Insurance provides protection not just to your business but to your employees as well. For example, workers’ compensation insurance will ensure that you don’t have to pay out of pocket for medical expenses if an employee gets hurt on the job. However, it also means that the employee will not have to worry about paying the bills while they are off work. Regardless, in most states having workers comp is legally required for any business.
That said, you also want your employees to be safe from harassment and discrimination. While you may not be able to prevent these situations from occurring, you can protect your business and the victim from financial harm. Employment practices liability insurance provides coverage if an employee accuses you or another employee of harassment, discrimination, or wrongful dismissal. As a result, you can get financial compensation, and the employee can as well instead of going through a complicated legal battle.
Have an Open Door
Your employees should never feel they cannot go to you or your human resources department if they have concerns. Concerns can range from unsafe working conditions to personal issues between co-workers to everything in between. If your staff does not feel they can discuss these issues with management, they will fester and grow until they explode. Also, you can encourage reporting of injuries and incidents, even if they seem small. The more documentation you have, the better if there is ever a personal injury lawsuit or other legal issues regarding an injury.

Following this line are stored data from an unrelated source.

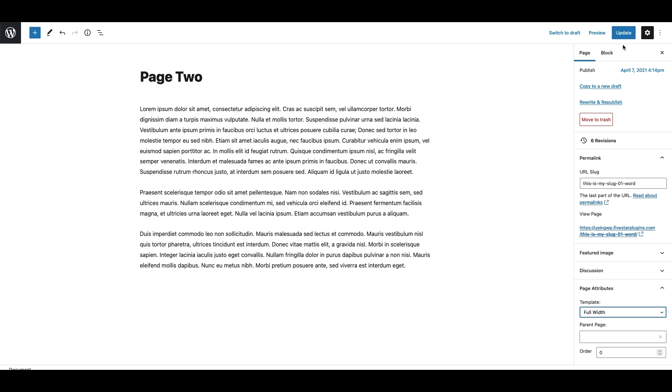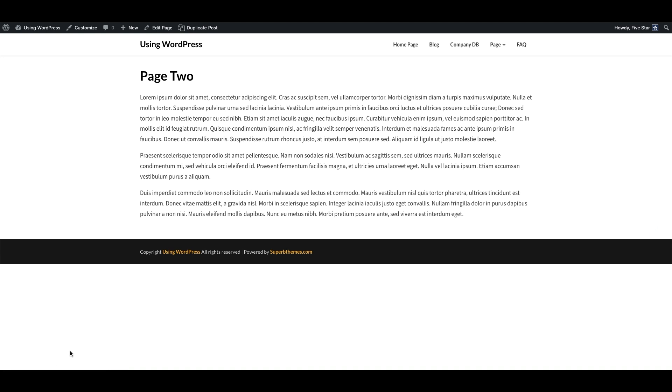When you're done, click the Update button. This will save the page and make the change live on your site. You can then visit your page and confirm that the right template is being used.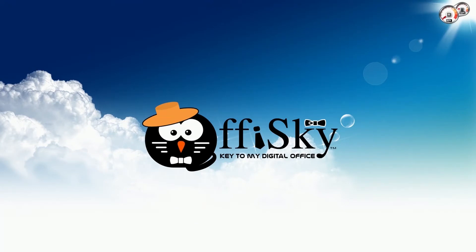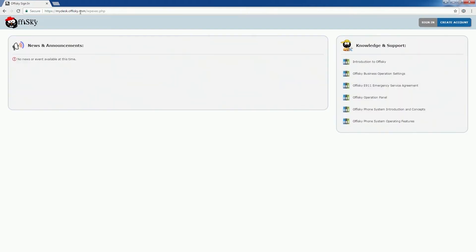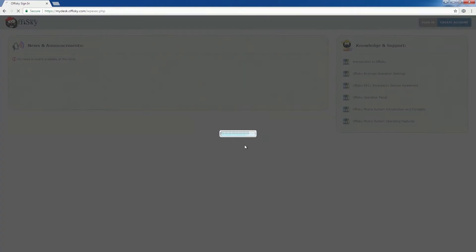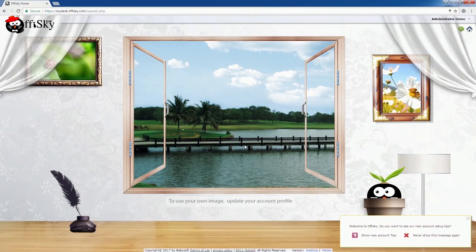To launch the panel, go to mydesk.officekey.com. Now log into your own account. Once logged in, you will first enter into your personal account.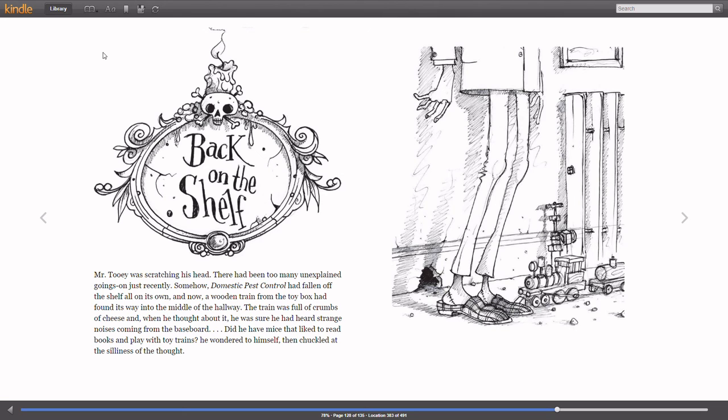Welcome back for the final chapter. Chapter 11. Back on the Shelf.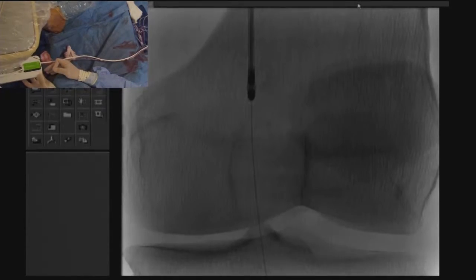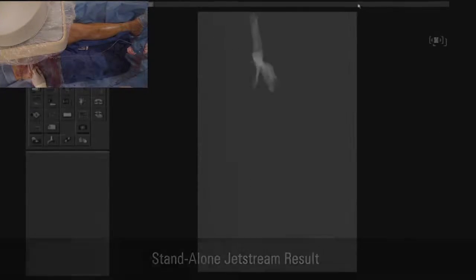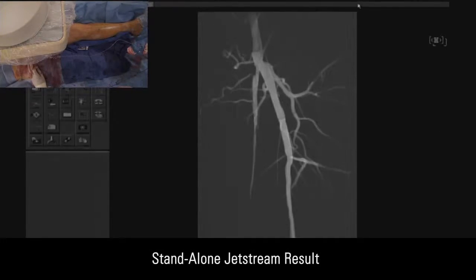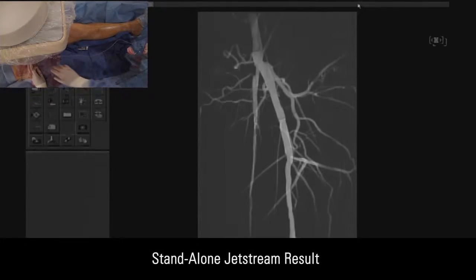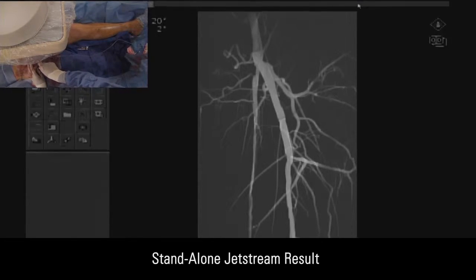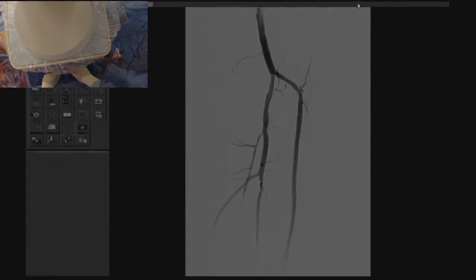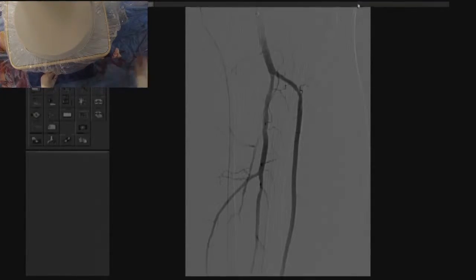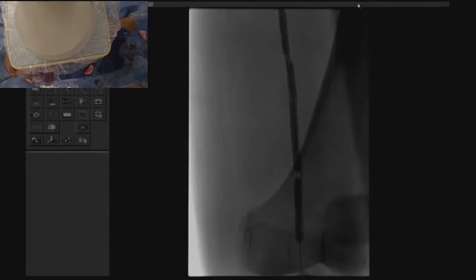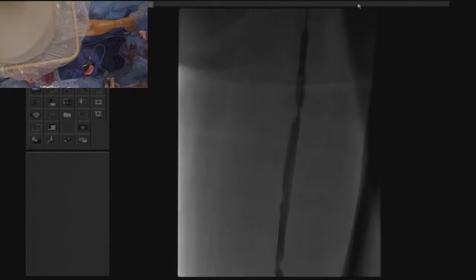Another tip with the use of the JetStream device: you have to be mindful of your ACT. Pushing your ACT beyond 250 is worth it in some of these complex cases. This is an angiogram after performing aspirational atherectomy with the JetStream device.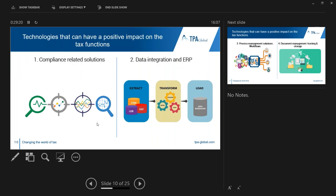Firstly, compliance-related solutions are aimed to remove inefficiencies in existing manual processes and to ensure greater accuracy and transparency of tax returns — it's all about automating tax compliance processes. For example, TPA has partnered with various software vendors for tax compliance. Through these software solutions you can generate returns in four steps: first, upload the data; second, check for data consistency; third, manually make adjustments when necessary; and fourth, the actual return preparation, which involves trend analysis for potential errors, risks, and anomalies.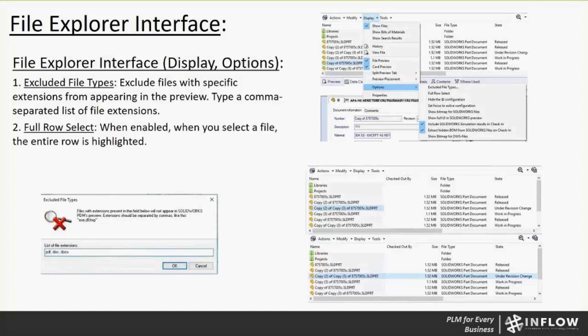Item two, full row select. When enabled, when you select a file, the entire row is highlighted. This is one that personally I do love for being an ex-admin and also being a consultant. You can see the top box there is the default setting, so it only highlights the file. But if you have more information to the right of it, maybe checked out by, the state, the revision, that kind of stuff, when you have a lot of stuff on your file view, it gets kind of jumbled and you can't really read it. So with the full row select turned on, you're able to highlight the whole row all the way across.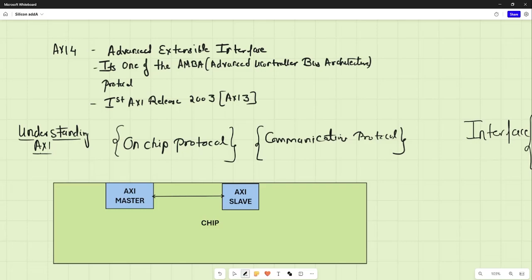Hello everyone, welcome to this new video lecture series on AXI4. AXI basically stands for Advanced Extensible Interface. It is one of the AMBA protocols. AMBA stands for Advanced Microcontroller Bus Architecture. The first release of AXI was done in 2003 with the name of AXI3.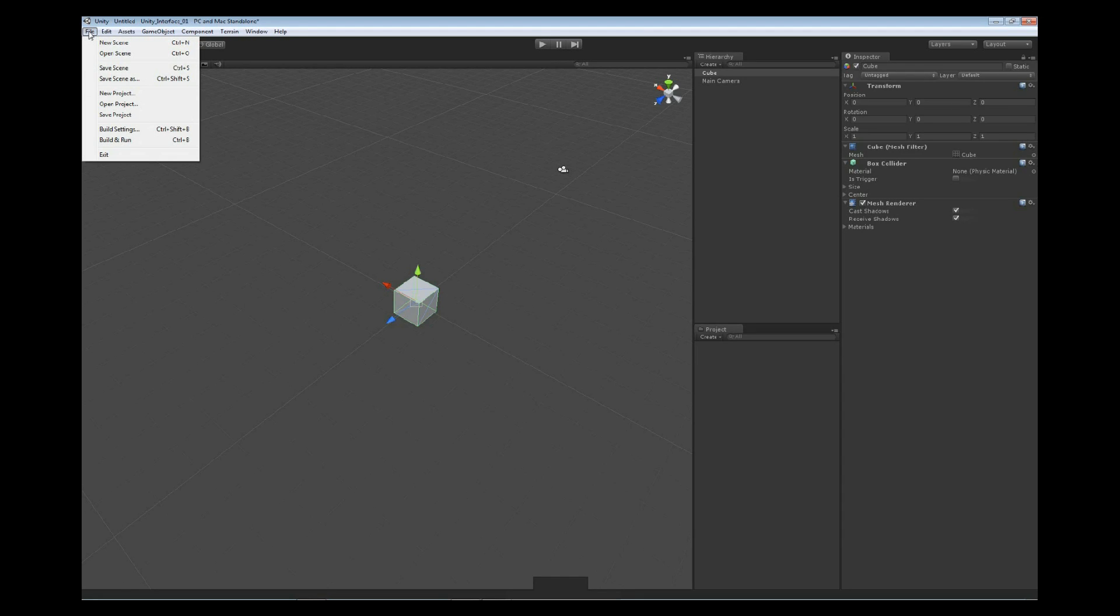Inside the file menu, we have a lot of the basic buttons that you're going to be used to seeing. We can save files, we can open files, we can create new files.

Employing people means having to store sensitive data, including banking information and SSNs. Keeping data secure is not just something you need to worry about for customers. Your employees deserve the same level of respect with regard to their private information. Make sure that all data is stored on encrypted cloud servers or on a password-protected hard drive. Not only can this prevent crimes such as identity theft, but you also don’t want personal information getting into the hands of upset customers or disgruntled employees.
Provide Extra Services
Working in the hospitality industry means dealing with many types of people from all walks of life. Some of those people can be dangerous, unfortunately. Ensure your employees know they can ask for extra protection if needed. If a server requires someone to walk with them through the parking lot to their vehicle, then make sure there is always someone scheduled to help with that. If there are often inebriated guests at the hotel bar, then you should have a security guard on site to handle any issues. Your staff should never feel that their safety takes a backseat to profits or cost savings. Spend the money, and your employees will be grateful.
It might surprise you to learn that hospitality workers get injured at a high rate when compared to other industries. This is because they come into contact with lots of people and potentially unsafe conditions while working a high-stress job. As a manager or owner, it is your responsibility to ensure that your staff are as safe as possible and feel secure while performing the duties of their jobs. Following these best practices will put you on the right path.